In the summer of 2010, I was living in Louisville and my dad and I flew out to L.A. to go to Hootenanny.  For those of you unfamiliar, this was a one-day festival in Irvine, CA every summer that hosted, what I would call greaser music.  There was rockabilly, punk, but also more straight ahead rock music as well (I saw Shooter Jennings there in 2013).  You also had a car show and pin-up girls walking around.  You had everyone from car nerds, punks, greasers and 1% outlaw motorcycle members.  

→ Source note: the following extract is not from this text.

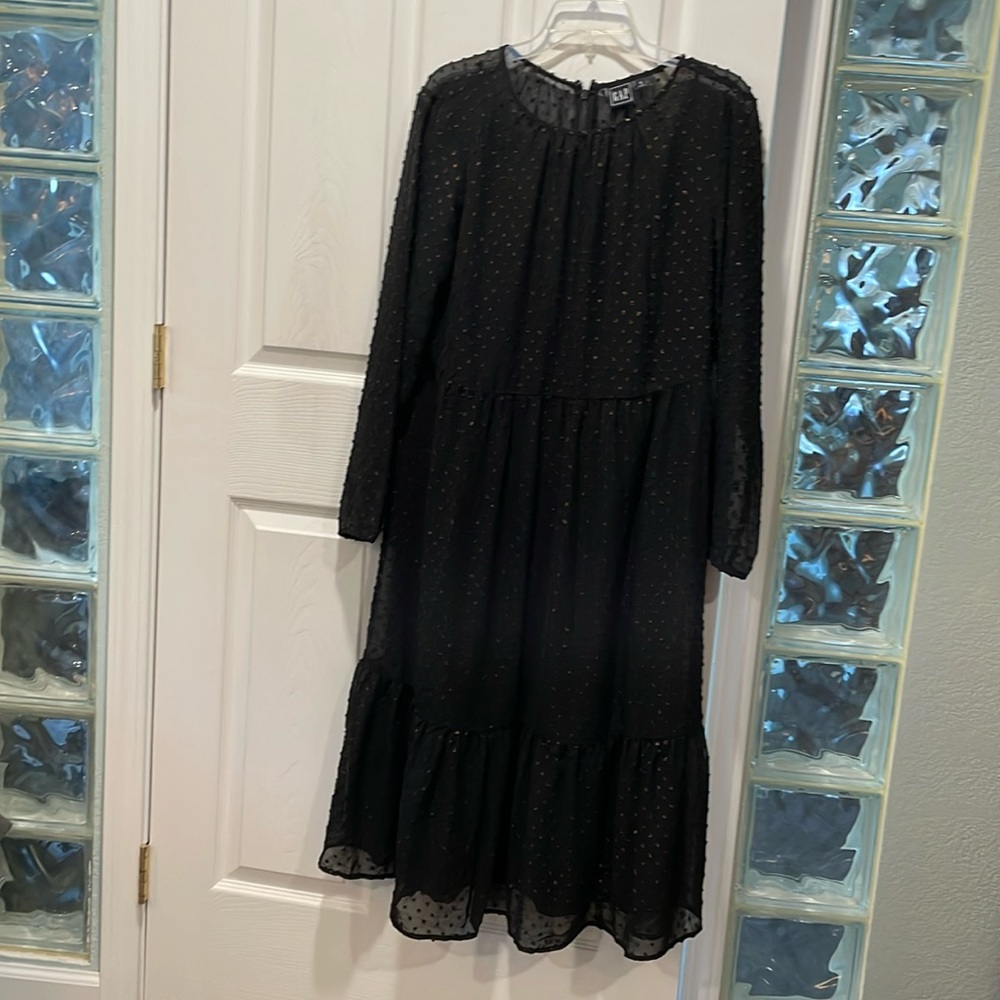 Black and coppery dotted tiered dress with attached slip.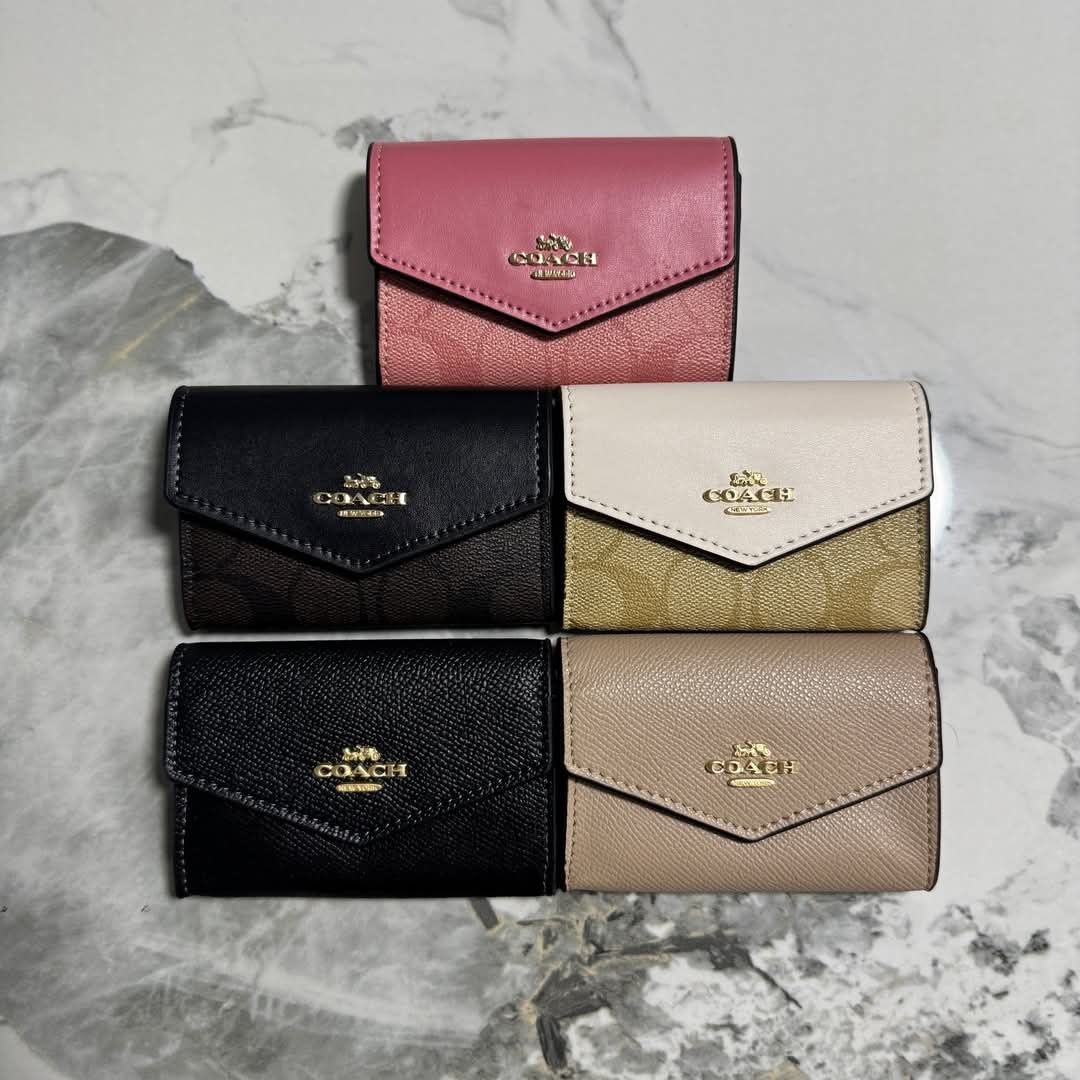 Coach Flap Card Case (Category: Luxury Bags & Wallets) located in Santa Cruz. Submitted by Authentic_Branded_Bags (Listing ID 1402230787, Image 1). Description: - Coach flap card case - Available colors: Black, Pink, Beige - Features Coach logo - Flap closure - Includes tag and box.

This is only important to the story in that, before I got on the airplane in Louisville, I bought a magazine for the flight.  Not sure if it was GQ or what, but it was something like that.  It had a long feature on the Gaslight Anthem.  I’d never heard of them, but it sounded like something I’d like.  So, when we got to Amoeba in Hollywood the next day, I picked up a copy of American Slang, which had just come out.  I loved it.  Then I picked up The ‘59 Sound and loved that more.  

Then, on July 20, 2012, Handwritten was released.  It represented significant growth in both their music and Brian’s lyric writing.  Gone are the endless cultural references, though he was brilliant at using them; here he shoots straight from the heart.  While I don’t doubt his previous music was personal, this was more directly personal.  

45 - Brian has a knack for taking a cultural reference and using it to his own ends.  In the past, you had to have read Great Expectations, or know the music he listens to.  Everyone, at least everyone of a certain age, understands, “turn the record over, see you on the flipside”.  He’s saying it’s time to make a change.  Sometimes it’s hard to let go.  For a more in-depth look at this song, check out Brian on Chris Demakes a Podcast.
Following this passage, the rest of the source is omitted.